AMAKA: They've taken Yusuf. The NSDI sections are locking down the Gwagwalada road. We're trapped in the capital, Silas. Hamza isn't playing by the rules anymore. He's burning the forest to find two foxes.
SILAS: (Loading a magazine into a sidearm)
Hamza is desperate. He knows that without Abacha, his authority is a sandcastle. He's trying to find the Tredex City keys before the transition council meets at dawn. If he has the keys, he can blackmail the new leadership into keeping him in power.
AMAKA: We have to leak the rest of the files. If the public sees the full extent of the 1914 mandate the political assassinations, the Lagos elite's involvement the NSDI won't have a country left to rule.
SILAS: No. We don't destroy the house to kill the termites. We use the files to negotiate the reconstruction. We need to reach the hidden archives at the Abuja headquarters. The NSDI thinks they own it, but they only own the surface. Lugard built a secondary vault below the foundations.
AMAKA: (Scoffing)
You want to break into the lions' den while the lions are hungry?
SILAS: It's the only place they won't look for us. They think we're running for the border. They don't realize we're coming for the throne.
[SCENE END]
The drama shifted to the streets. A high-stakes chase ensued as Silas drove through the back alleys of Abuja, dodging NSDI checkpoints. The NSDI was using broad surveillance monitoring every cell tower and traffic camera but Silas used Old Watchmen tactics. He knew the dead zones where the signals didn't reach, the narrow paths designed by colonial engineers that had never been mapped by modern GPS.
Suddenly, a black SUV slammed into their passenger side, spinning their car into a concrete barrier. Out stepped a group of NSDI Special Defense operatives. These weren't the bureaucrats; these were the brutal division men trained to preserve knowledge through blood.
[SCENE START]
EXTERIOR: DESERTED INTERSECTION - NIGHT
Smoke rises from the wrecked car. SILAS crawls out, blood trickling down his forehead. He faces four NSDI OPERATIVES. Leading them is AGENT BELLO, a man known for his ruthlessness in the 1993 purge.
BELLO: The ghost of 1914 finally bleeds. Silas Okoro, you're a difficult man to find.
SILAS: (Standing slowly, hands visible)
You're a difficult man to respect, Bello. You're hunting the men who taught you how to walk.
BELLO: You taught us how to hide. We learned how to rule on our own. Where is the Ledger? Hamza wants the physical copies.

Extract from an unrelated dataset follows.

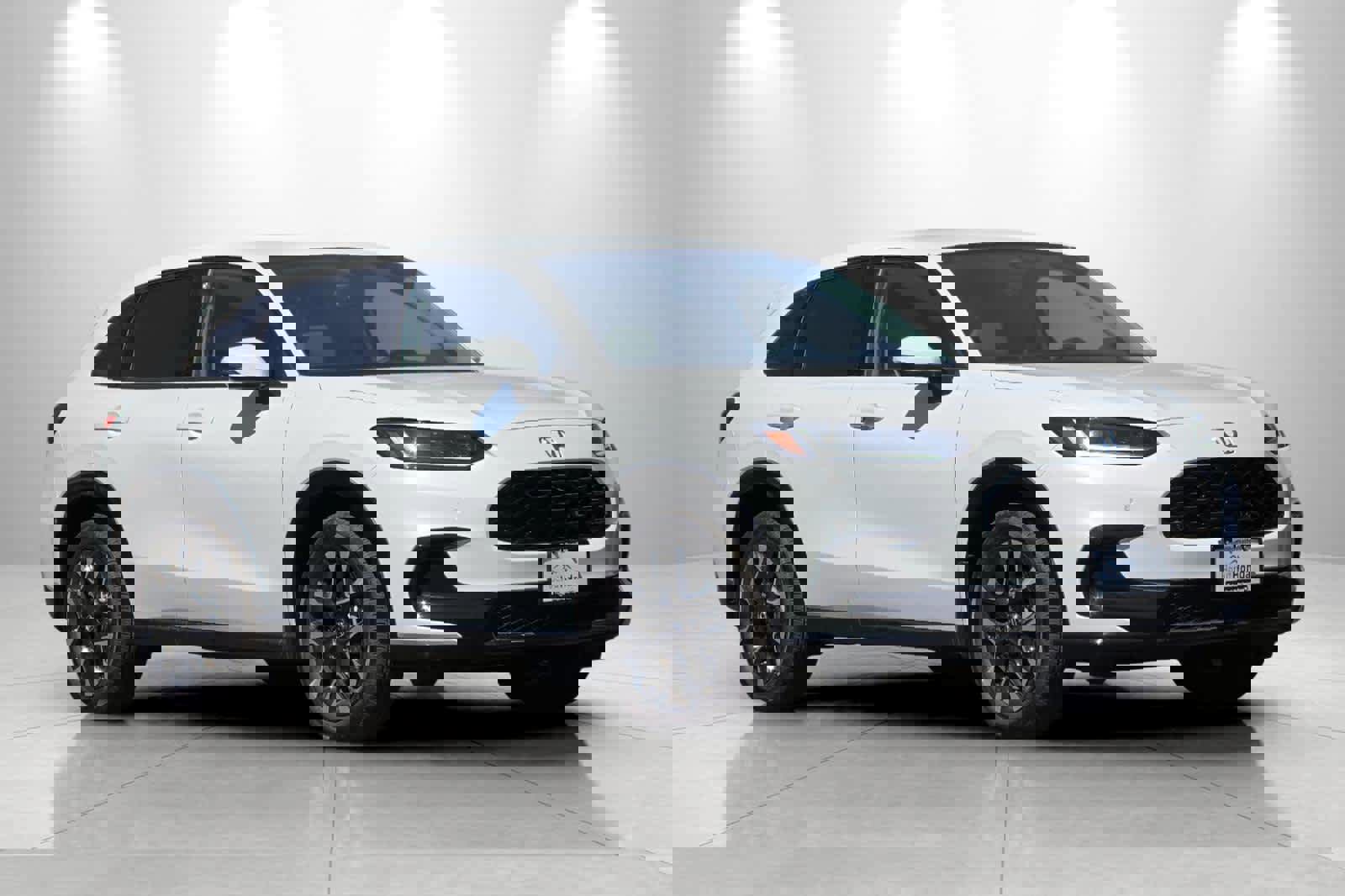 New 2026 Honda HR-V EX-L image 9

SILAS: The Ledger isn't a book you can burn, Bello. It's a series of protocols. It's in the way the city is built. It's in the handshakes you haven't given yet.

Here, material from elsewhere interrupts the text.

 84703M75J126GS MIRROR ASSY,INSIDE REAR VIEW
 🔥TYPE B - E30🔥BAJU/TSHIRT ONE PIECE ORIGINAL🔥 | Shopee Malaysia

BELLO: (Raising his weapon)
Enough riddles. You killed the General. You destabilized the state.
SILAS: The state was already rotting. We just accelerated the decay so something new could grow. (Silas looks at his watch) You should check your radio, Bello. The transition council just announced the dissolution of the NSDI's special powers. You're not an agent anymore. You're just a man with a gun in a city that's about to wake up.
[SCENE END]
A burst of static erupted from Bello's radio. The "Originals" had played their final card from the 1993 leak. They hadn't sent the files to the press; they had sent them to the moderate generals in the transition council.

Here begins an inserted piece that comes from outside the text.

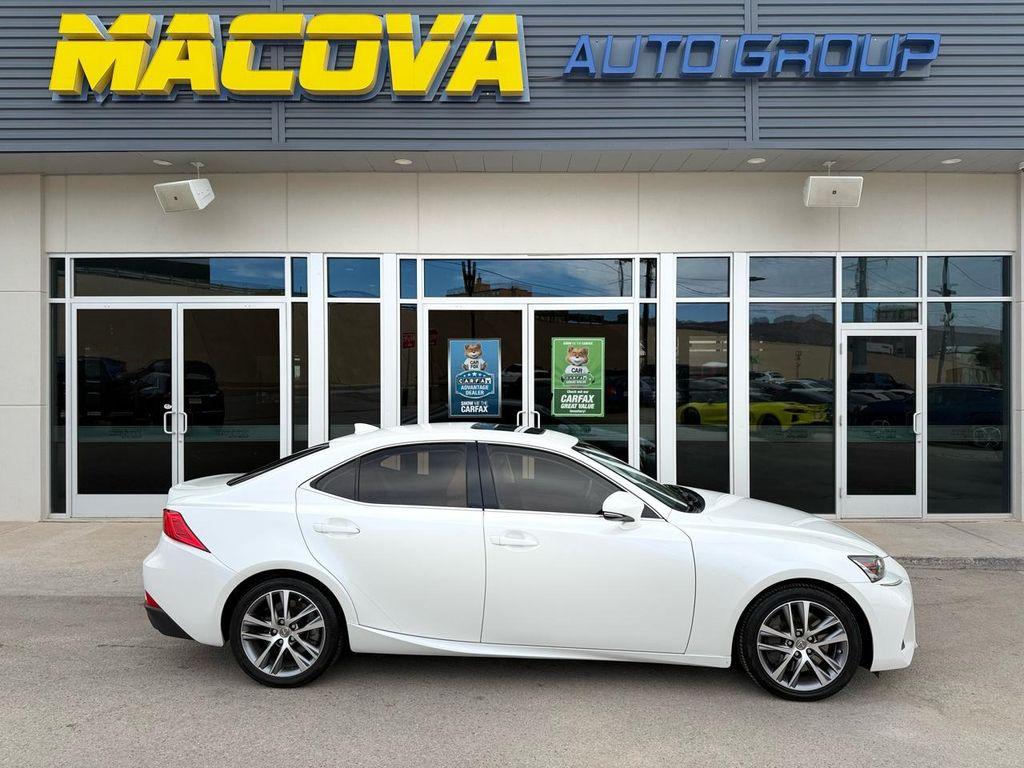 used 2019 Lexus IS 300 car, priced at $24,495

The NSDI's broad power was being clipped in real-time. In the confusion, Amaka fired from the wreckage of the car, neutralizing two operatives. Silas moved with the speed of a younger man, disarming Bello in a flurry of brutal, efficient strikes.
"The WATCHMEN don't belong to the General," Silas whispered into Bello's ear as he pinned him to the ground. "We belong to the mandate. And the mandate says the secrets stay with us."
Silas and Amaka disappeared into the night, leaving the NSDI in a state of civil war. The Night of the Long Knives had failed to catch the ghosts. Instead, it had exposed the fractures in the new regime. The headquarters in Abuja was now a target, not a fortress. The two factions of the WATCHMEN were headed for a final collision at the heart of the capital, where the secrets of 1914 were buried deep beneath the earth.